Ce samedi, autour d’un bon petit repas avec mon ami de très longue date Franck, on parlait de nos multiples projets, tous plus ou moins liés à notre retour au Cameroun.
Il m’a soumis un sujet pour avoir mon avis — il paraît que je suis plutôt bon conseiller, surtout quand il s’agit des problèmes des autres (tu me diras, on est tous un peu comme ça, non ?).

Il s’agissait d’un sujet que je connaissais, mais sur lequel je m’étais volontairement abstenu de commenter jusque-là.
Et c’est là que le changement m’a sauté aux yeux.
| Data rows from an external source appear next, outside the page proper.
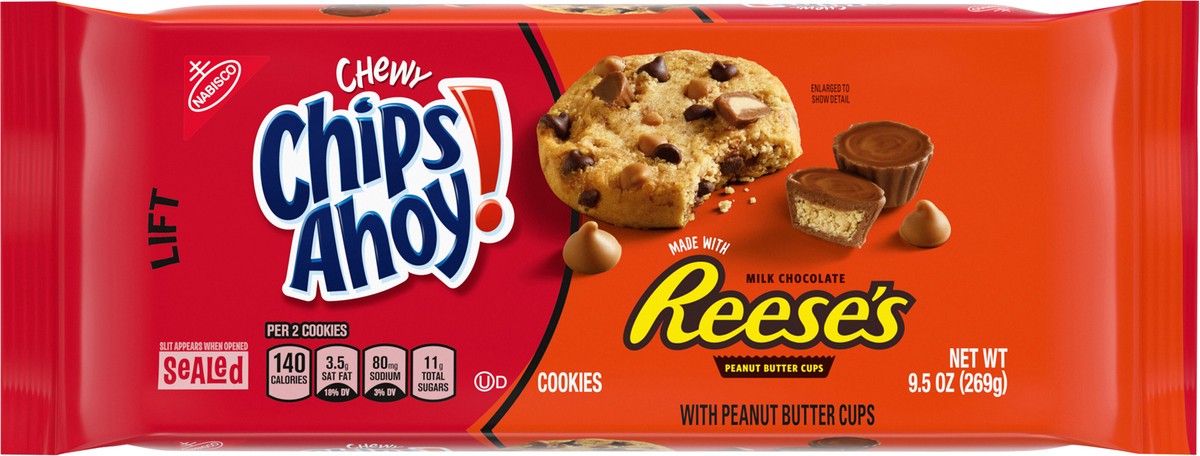 slide 12 of 16, CHIPS AHOY! Chewy Chocolate Chip Cookies with Reese's Peanut Butter Cups, 9.5 oz, 9.5 oz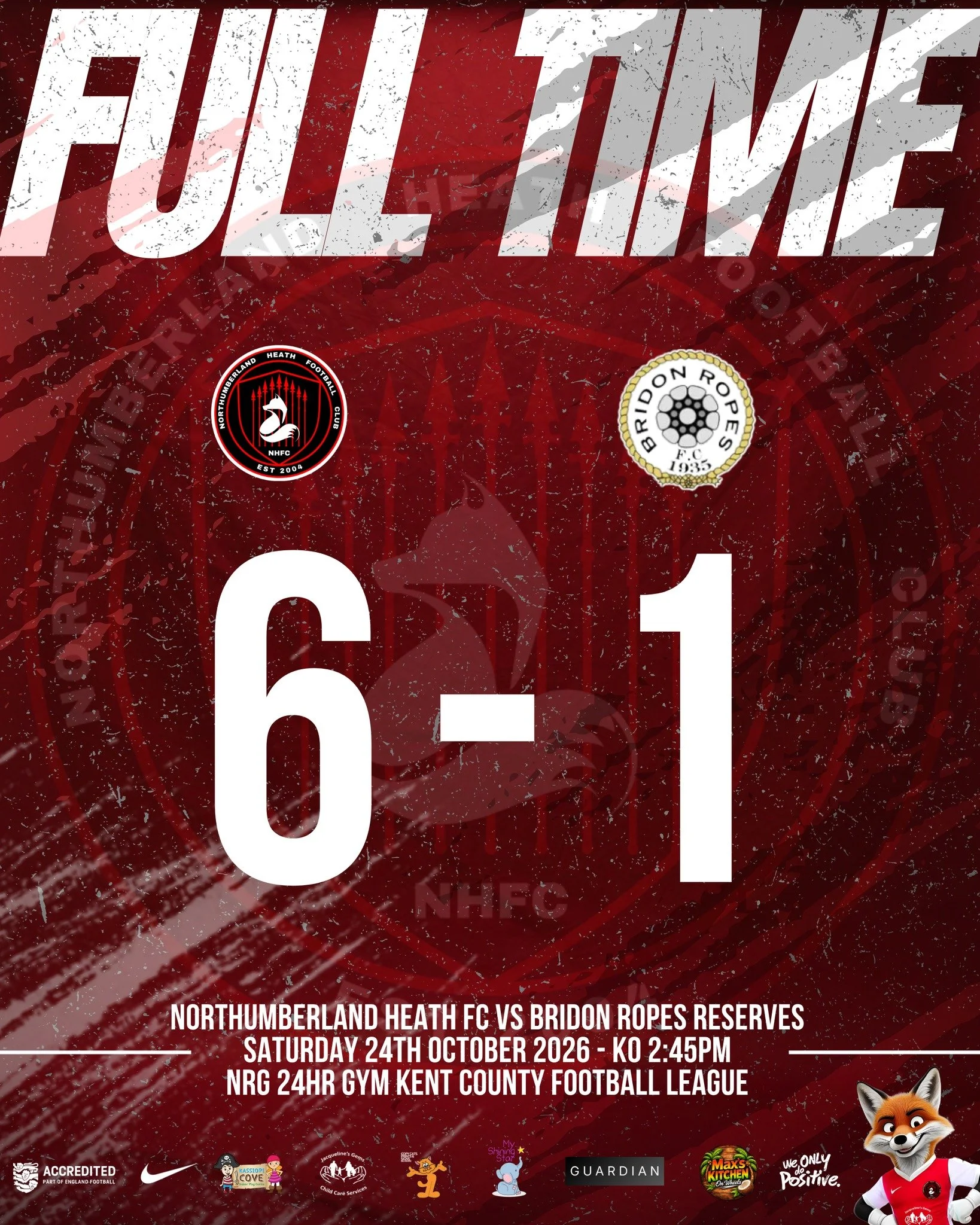 It&rsquo;s a perfect 10!

10 league games played and 10 league games won.

There wasn&rsquo;t just a storm in the atmosphere today. We brought our own gale force.

Thank you to Bridon Ropes Reserves for being a pleasant group. We wish you all the bes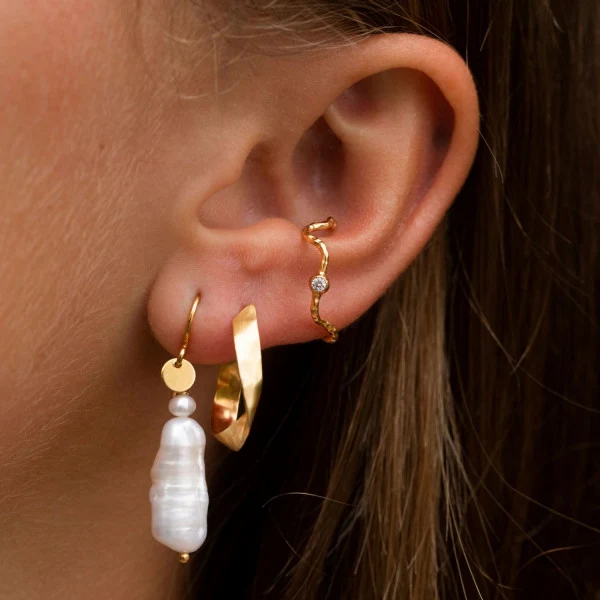 STINE A - Long Baroque Pearl Earring - Peach Sorbet Single - Bilde 2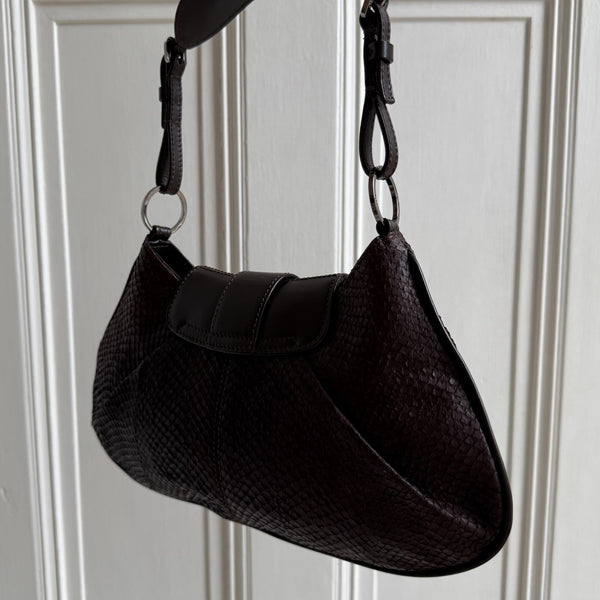 Dior Street Chic Snakeskin Brown Leather Shoulder Bag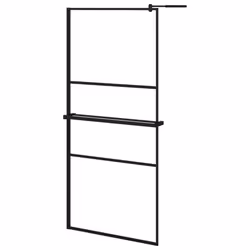 vidaXL Walk-in Shower Wall Bath Enclosure with Shelf ESG Glass and Aluminium - black, 90 x 195 cm/frosted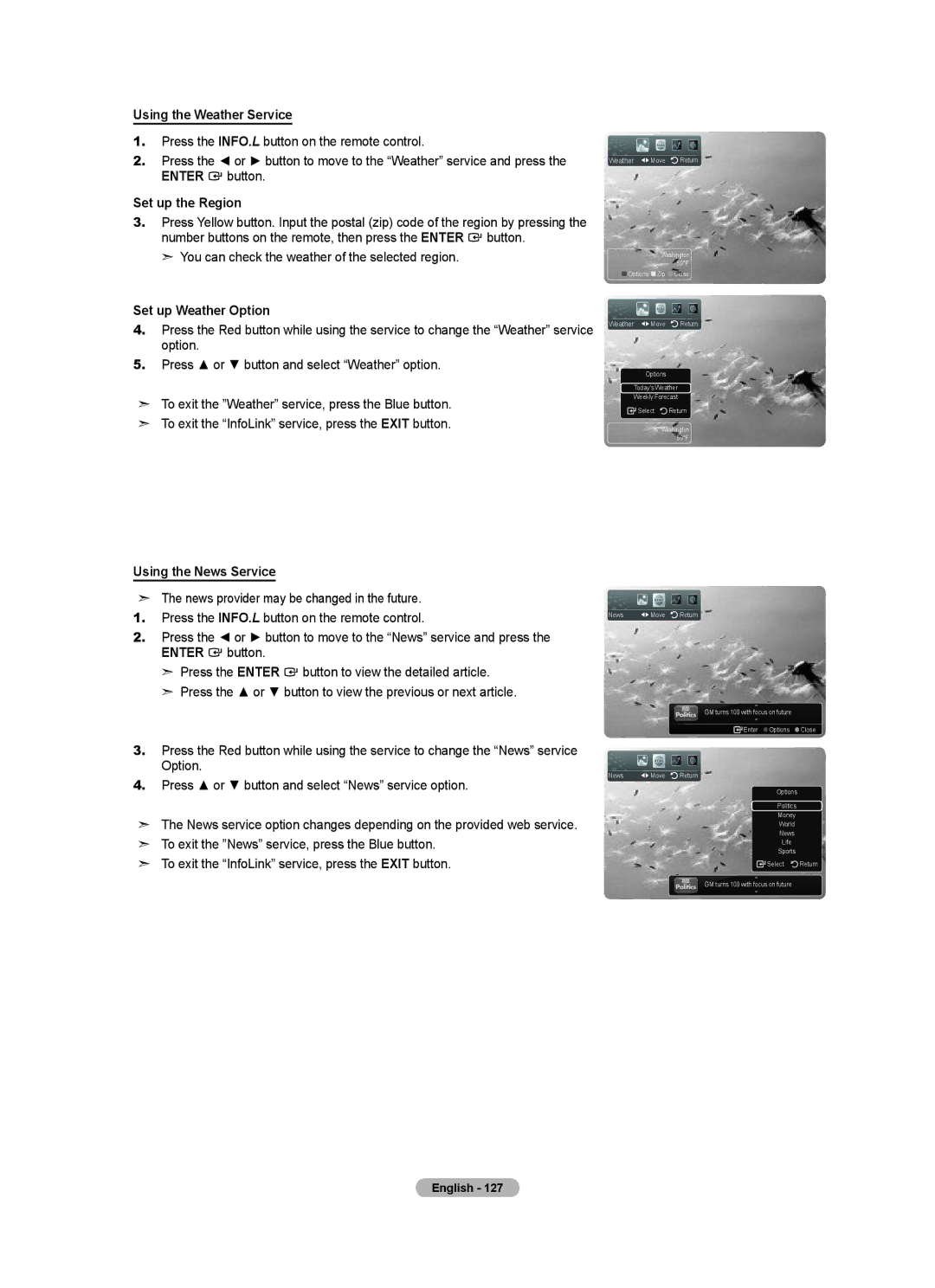 Samsung BN68-01691A-02 Using the Weather Service, Set up the Region, You can check the weather of the selected region 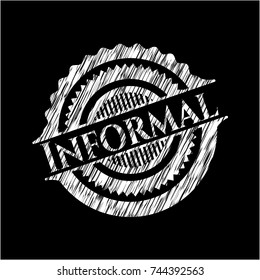 Informal chalkboard emblem written on a blackboard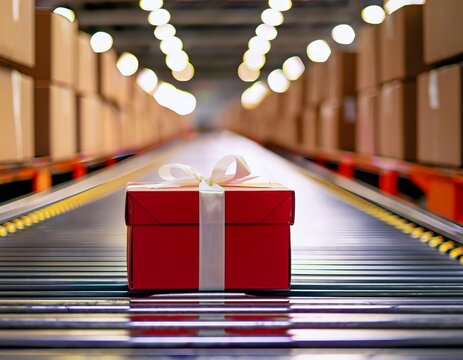A single red gift box with white ribbon sits centered on a metallic conveyor belt in a warehouse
Il fut un temps où, dès que je voyais quelque chose de bancal ou de potentiellement dangereux pour un proche, je donnais mon avis sans filtre.
Même quand on ne me le demandait pas.
Je pensais que c’était ça, être un vrai ami. Mais aujourd’hui, je ne suis plus aussi sûr.
Ce qui me paraissait évident à l’époque… ne l’est plus forcément maintenant.Mais aujourd’hui, je ne suis plus aussi sûr.
Ce qui me paraissait évident à l’époque… ne l’est plus forcément maintenant.

Et tu sais ce qui m’a aidé à faire ce pas de recul ?
La lecture d’un chapitre du livre Comment se faire des amis de Dale Carnegie.
Il y expliquait une chose toute simple : la meilleure façon d’avoir de l’influence sur quelqu’un, ce n’est pas de lui faire la leçon — c’est de lui donner l’envie de réfléchir par lui-même.

Il ajoutait même que critiquer quelqu’un, même avec de bonnes intentions, est souvent contre-productif.
La personne se braque. Elle se sent jugée.
Et au lieu d’écouter, elle se ferme.

Et là, j’ai repensé à toutes ces fois où j’ai voulu "aider" un ami en lui disant crûment ce que je pensais.
Avec le recul, je me rends compte que ce n’était pas toujours la meilleure façon.
Parfois, il vaut mieux laisser l’autre vivre son expérience, poser des questions, accompagner… plutôt que d’imposer sa vérité.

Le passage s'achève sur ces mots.